HELP A problem on determine electric field in vector form

[Kudo Shinichi]

HELP!A problem on determine electric field in vector form

Homework Statement

The electric potential due to a charge distribution is given by V(x,y)=((100x)/(x²+y²)^3/2)*Volts
where the distances are in meters. What is the electric field (vector) at the position x=2m, y=0.2m?

The Attempt at a Solution

V(x,y)=((100*2i)/(2²i+0.2²j)^3/2)*volts
V(x,y)=(200i/(8i+0.008j))*volts
This is how I tried to solve the problem but I don't think that I did it correctly because I don't think that I can write a function with two directions together.
Can anyone help me with it? thank you very much

 

[quantumdude]

One thing is clear: You aren't reading your textbook.

First, they ask for the electric field, not the electric potential. So you are not supposed to evaluate V(x,y) at the given point. And even if you were supposed to do that, it makes no sense to insert the unit vectors \hat{i} and \hat{j} in there (where would those come from anyway??).

Please look in your book and find the definition of electric field in terms of electric potential. Then we can get started.

 

[Kudo Shinichi]

One thing is clear: You aren't reading your textbook.

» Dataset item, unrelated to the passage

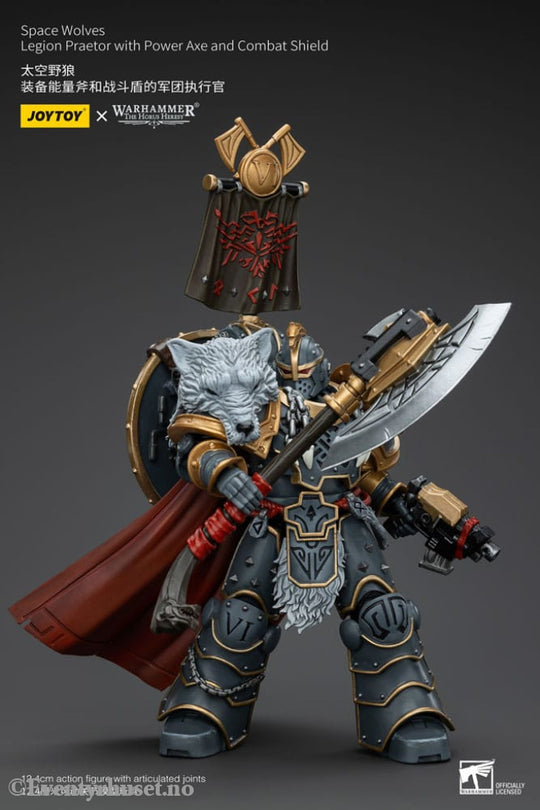 Warhammer The Horus Heresy Action Figure 1/18 Space Wolves Legion Praetor with Power Axe and Combat Shield 12 cm Toys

First, they ask for the electric field, not the electric potential. So you are not supposed to evaluate V(x,y) at the given point. And even if you were supposed to do that, it makes no sense to insert the unit vectors \hat{i} and \hat{j} in there (where would those come from anyway??).

Please look in your book and find the definition of electric field in terms of electric potential. Then we can get started.

Sorry about that I didn't read the problem properly...
dV=-E*dl
E=-dV/dl
Then separate the x and y direction
E_x=-\deltaV/\deltax
E_x=-(100/(3/2(x²+y²)^1/2*(2x+y²))
E_y=-\deltaV/\deltay
E_y=(100x/(3/2(x²+y²)^1/2*(x²+2y))
then sub in x and y
is it right?

 

[quantumdude]

Your derivatives are wrong. If you post the steps you took to calculate them then I can show you where you made a mistake.

 

[Kudo Shinichi]

Your derivatives are wrong. If you post the steps you took to calculate them then I can show you where you made a mistake.

E_x=-\deltaV/\deltax
For this only we only have to derive x and let y be constant
the original equation is 100x/(x²+y²)^3/2
since we only need to derive x
then the equation becomes
100x-->100
use chain rule to do the following=outside derivative times inside derivative
(x²+y²)^3/2
3/2(x²+y²)^1/2*(2x)
E_x=-(100/(3/2(x²+y²)^1/2*(2x))
same for y but for this only derive y and let x be constant
E_y=-\deltaV/\deltay
E_y=(100x/(3/2(x²+y²)^1/2*(2y))